This guide illustrates the process of migrating a Postgres database from an AWS RDS service to a Timescale instance. We will use Postgres community tools like pg_dump and pg_restore to facilitate the migration process.

Migrating data using pg_dump requires a period of downtime for your production database, the duration of which is proportional to the size of your database. Your applications will not be able to write to your production database during the migration process. If you want a migration solution from your RDS instance to Timescale that offers low downtime, please refer to AWS RDS to Timescale using live migration

Note

In the context of migrations, your existing production database is referred to as the "source" database, while the new Timescale database that you intend to migrate your data to is referred to as the "target" database.

Before initiating the migration process, you will require:

  1. Details of your AWS RDS instance
  2. Intermediate machine

You will need the following information about your Postgres RDS instance:

  • Endpoint
  • Port
  • Master username
  • Master password
  • VPC

To gather the required information, navigate to the "Databases" panel and select your RDS instance.

List of databases in RDS panel

Record the EndpointPort, and VPC details from the "Connectivity & Security" tab, and the Master Username from the "Configuration" tab. Remember to use the Master Password that was supplied when the Postgres RDS instance was created.

Record endpoint, port, VPC details
Record master username

In order to execute pg_dump and pg_restore, we need an EC2 instance. This instance should have access to your RDS service. Therefore, we will set up the EC2 machine in the same VPC as the RDS service.

  1. In the AWS search, type "EC2" and select the "EC2" option under services.

    Create an EC2 instance
  2. Click on "Launch instance".

    Start configuring your instance
  3. Configure your EC2 instance.

    a.
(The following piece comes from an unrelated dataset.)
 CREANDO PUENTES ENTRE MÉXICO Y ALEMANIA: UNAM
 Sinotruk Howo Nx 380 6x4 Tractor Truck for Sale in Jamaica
For "Application and OS image", choose Ubuntu Server LTS.

    b. For "Instance type", use 2 CPU and 8 GB memory at least. If your migration involves a larger database, you should choose accordingly.

    Choose instance type

    c. For "Key pair", you can choose to use an existing key pair or create a new one. This will be necessary when connecting to the EC2 instance from your local machine.

    d. For "Network Settings", select the same VPC that your RDS instance is located in. Also, modify the "Source Type" of the security group to "My IP" so that your local machine can connect to the EC2 instance.

    Configure network

    e. For "Configure Storage" section, adjust the volume size to match the size of your database. If necessary, you should enable encryption on your volume.

    Configure storage
  4. Review the summary of the instance and click "Launch instance".

    Review EC2 instance

To prepare your EC2 instance for migration:

  1. Navigate to your EC2 instance and click on the "Connect" button.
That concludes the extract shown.